Some cats are more susceptible to predation.

  • Outdoor cats and feral cats are more likely to be attacked by predators.
  • Kittens and young cats are not as able to defend themselves as adults or escape predators.
  • Siamese cats, for example, are smaller and more vulnerable than other cat breeds.
  • The mobility of sick, injured, elderly, and disabled cats is impaired, making it difficult for them to escape or fight.
  • Cats in colonies can be more alert than solitary cats.
  • In urban areas, where there is less space for cats to roam, they may be more at risk of predators than in rural areas.
  • Cats that live near habitats of wildlife are more likely to be attacked by predators than those in urban areas.
  • The health of stray cats is compromised by the lack of medical care and nutrition.
  • Declawing can make it difficult for a cat to climb quickly up trees or defend itself using its claws.
  • Unsupervised outdoor cats are at greater risk of predators than indoor cats that are supervised.

How cats avoid predators

The adaptations and behaviors of cats help them to avoid predators.

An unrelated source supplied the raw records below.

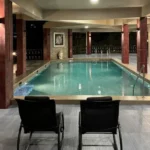R Paradise Tungarli Lonavala 6 BHK Villa Indoor Swimming Pool With Lounge Chairs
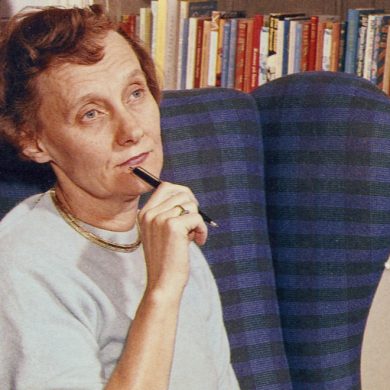 Die Schriftstellerin Astrid Lindgren hat kurzes, rotes, gelocktes Haar. Sie sitzt in einem blauen Sessel vor einem Bücherregal und blickt nachdenklich vor sich hin. Dabei hält sie einen Kugelschreiber an ihr Kinn.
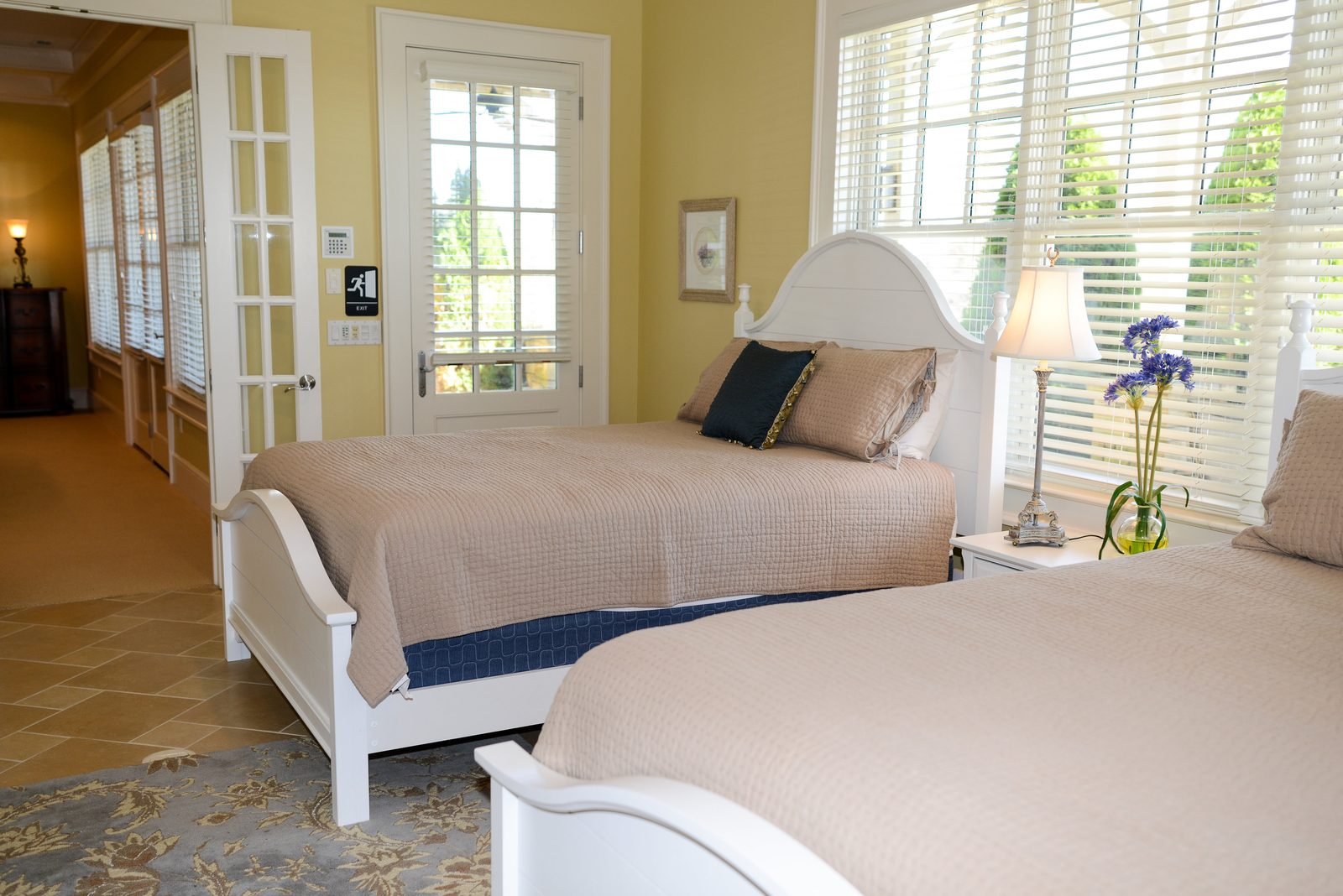 A guest room with two white beds, neutral linens and shuttered windows (view 4)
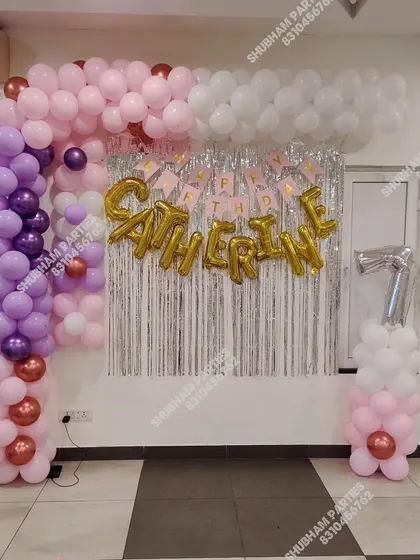 A pastel balloon frame with a silver fringe backdrop for a 7th birthday party.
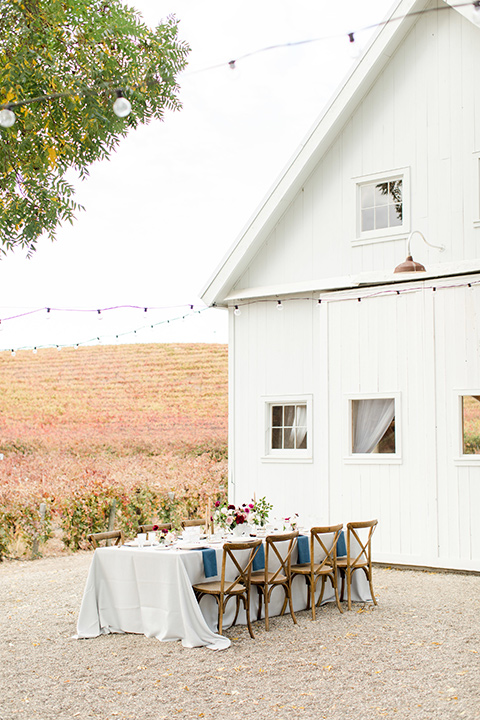 hammersky-editorial-shoot-outdoor-set-up-white-barn-with-wooden-chairs-and-white-linen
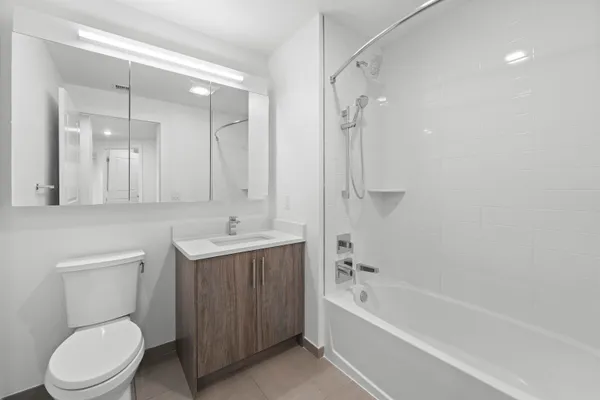 a bathroom with a bathtub shower sink mirror and toilet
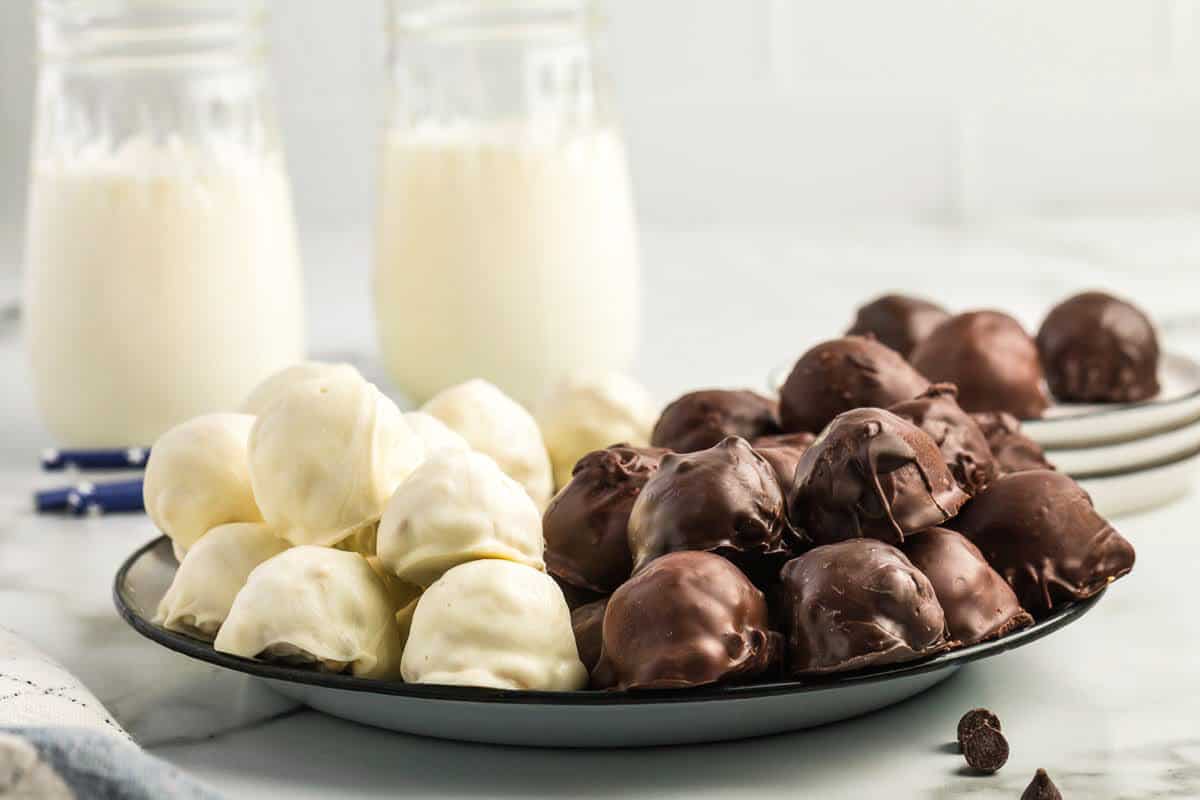 Peanut Butter Balls with Rice Krispies on plate with white and chocolate coating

  • It is difficult for predators ambush them because of their excellent hearing, vision, smell and night vision.
  • Sharp claws enable cats to quickly climb trees and scramble to the top of slopes in order to escape danger.
  • Speed and agility help cats outrun and dodge many predators in short distances.
  • Cats can avoid predator detection with a solitary, silent movement.
  • The camouflaged fur of cats blends in with vegetation, dirt and shadows. This conceals them from dangers unless they are close.
  • Cats with a suspicious nature are quick to flee and startle at potential dangers instead of waiting for confirmation that the threat is real.

The conclusion of the article is:

Even though cats are stealthy, agile predators, they can fall prey to larger carnivores and birds. They will also prowl in areas where cats live.

The most vulnerable cats to become prey are the smaller and younger ones. While domestic indoor cats are protected by predators to a large extent, feral and stray cats face constant threats.

It is important to know the local predator population and take preventive measures in order to keep free-roaming cat out of food chains. Cats can avoid becoming a meal for predators that lurk in their vicinity by taking care.

Gordon Ramel

Gordon is an ecologist with two degrees from Exeter University. He's also a teacher, a poet and the owner of 1,152 books. Oh - and he wrote this website.